Keywords: Hepatocellular carcinoma, TNFRSF4, Prognostic factor, Pathomics, Minimum redundancy maximum relevance, Recursive feature elimination, Gradient boosting model
1. Introduction
Hepatocellular carcinoma (HCC) is a primary liver malignancy and ranks as the third leading cause of cancer-related deaths worldwide [1]. Despite the presence of effective treatment methods such as surgical resection and liver transplantation for patients with HCC, postoperative recurrence remains common [2]. Furthermore, current traditional prognostic indicators—i.e., clinical, pathological characteristics, diagnostic markers like alpha-fetoprotein (AFP), and imaging techniques (e.g., CT, MRI, ultrasound)—are not sufficient to meet the clinical demands of precision medicine [3]. Therefore, it is imperative to identify improved prognostic markers to guide clinical decision-making and identify high-risk patient subgroups [4].
TNF receptor superfamily member 4 (TNFRSF4), also known as OX40, is a co-stimulatory receptor expressed on activated T cells [5]. A previous study has suggested that this protein could inhibit cellular apoptosis via the PI3K/AKT signaling pathway [6]. Another study involving 1699 patients with HCC from six international multicenter cohorts found that the expression of the immune checkpoint TNFRSF4 was associated with infiltration of immune cells such as intra-tumoral B cells, CD4+/CD8+ T cells, and neutrophils, displaying an "immune hot" tumor phenotype that is more responsive to immune checkpoint inhibitors [7]. Therefore, investigating the role of TNFRSF4 expression as a prognostic marker in HCC could provide valuable insights into the disease's underlying biology and potentially guide therapeutic strategies.

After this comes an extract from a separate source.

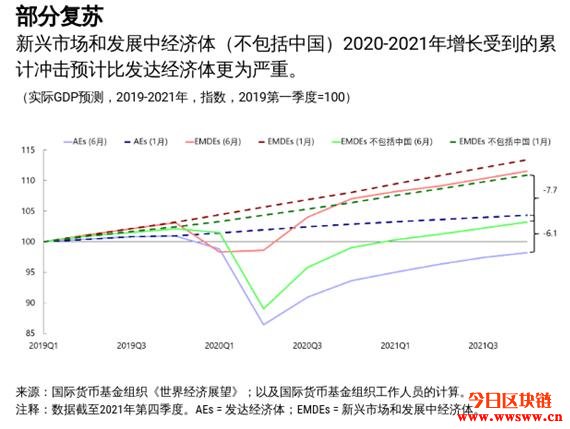 IMF：我们预计2020年衰退程度加深插图2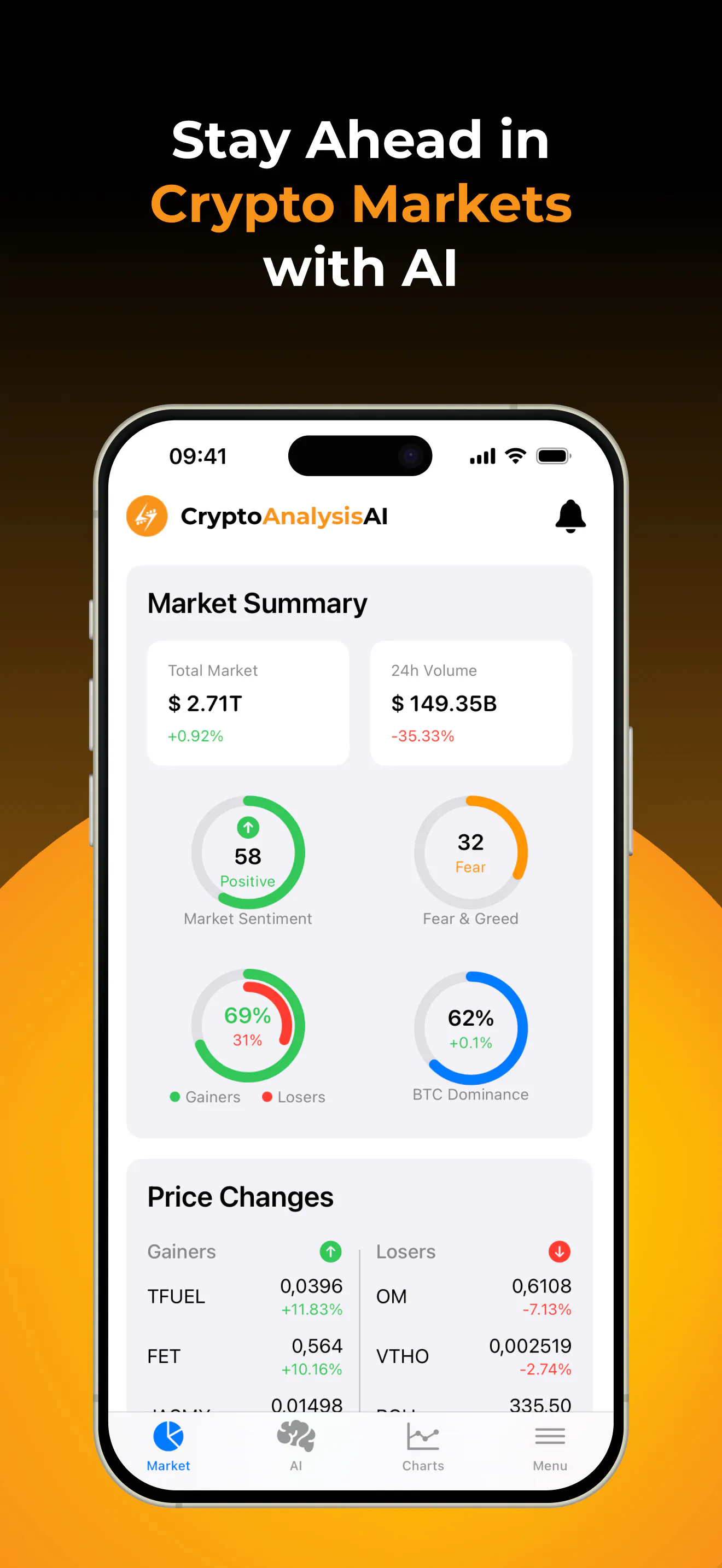 Crypto Analysis AI gallery image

Currently, TNFRSF4 expression can be detected through various approaches. However, these methods have limitations in terms of accuracy, cost, and practicality. For instance, peripheral blood cytokine detection provides real-time information but is expensive and fails to reflect the actual tumor condition. Techniques such as qPCR, RNA-sequencing (RNA-seq), Western blotting analysis, and flow cytometry for mRNA and protein levels require fresh tissue specimens, which are challenging to collect and can be influenced by operator and antibody effects. Furthermore, detection based on paraffin-embedded tissue specimens, including immunohistochemistry, fluorescence, and high-throughput sequencing, also has limitations related to operators, antibodies, and cost. Hematoxylin-eosin (H&E) staining is routinely used for clinical diagnosis and provides easily accessible imaging data [8]. Moreover, advancements in artificial intelligence (AI) have revolutionized the field of pathology [9], exemplified by the emerging field of pathomics. This AI-driven approach converts pathological images into high-throughput data [10], offering the potential for predicting treatment outcomes, disease prognosis, and molecular expression in various cancers [[11], [12], [13]]. Specifically, in the context of HCC, pathomics analysis has yielded promising results by uncovering prognostic signatures and gene mutations [14,15]. Furthermore, pathomics models have demonstrated the capability to predict RNA-seq expression from whole slide images [16]. These findings suggest that AI analysis of H&E staining slides could facilitate the detection of TNFRSF4 expression.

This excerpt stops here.